Published on 12:00 AM, March 25, 2019

Editorial

111 draft recommendations of Road Safety Committee!

Missing the forest for the trees

Students sit in to protest the death of Abrar Ahmed. Photo: Star

If numbers are meant to impress, one must admit that the latest report of the latest committee on road safety, albeit in draft form presently, is a voluminous document deserving our praise. But the fact is that most of the proposals are regurgitations of suggestions of previous committees, or rules or instructions issued from time to time by the relevant authorities or the occasional directives from the prime minister herself.

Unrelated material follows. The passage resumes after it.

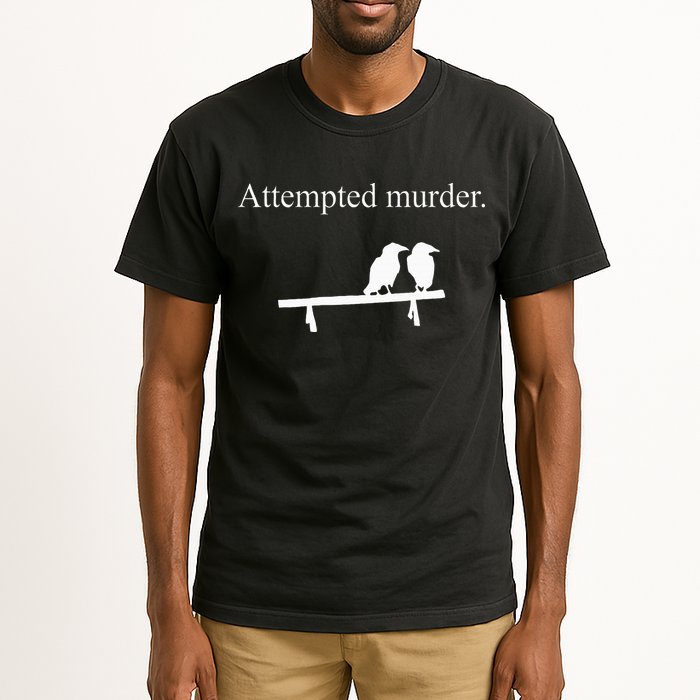 Attempted Murder Funny Sarcasm Crows Ornithology Tall T-Shirt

We are afraid that the suggestions of the committee do not reflect the priority with which certain important aspects should be addressed. The committee has endorsed creating a road safety authority under the supervision of the prime minister. One wonders if there is a need for another supervisory body when there is already quite a number of them including the National Road Safety Council. And we fail to comprehend what the committee means when it says that the media should refrain from carrying negative or confusing news about an accident. The media only reports the incident. It neither manufacture the news nor the casualty figures.

On the contrary, certain urgent matters do not find mention in the list of things that should be done in the short-term, like getting decrepit, unfit vehicles off the road immediately, starting a drive to haul up unregistered vehicles and drivers without valid license and getting them off the road instantly. These do not need weeks or months to do but can be addressed in a matter of days. 

It would not be out of place to ask about the fate of the Prof Anwar Commission Report. This road safety committee, which was set up in 2011, suggested more than 50 recommendations in its report which it had submitted in 2012. Many of its proposals have been borrowed by the current committee. It only suggests that there has been a miserable failure in implementing those. More committees and more advice end up in procrastinating the problems; road safety issue is a glaring example. There are plenty of very good propositions, what is missing is implementation. We would like to submit that the authorities must not fail to see the bigger picture while trying to sort out the issues of lesser priority.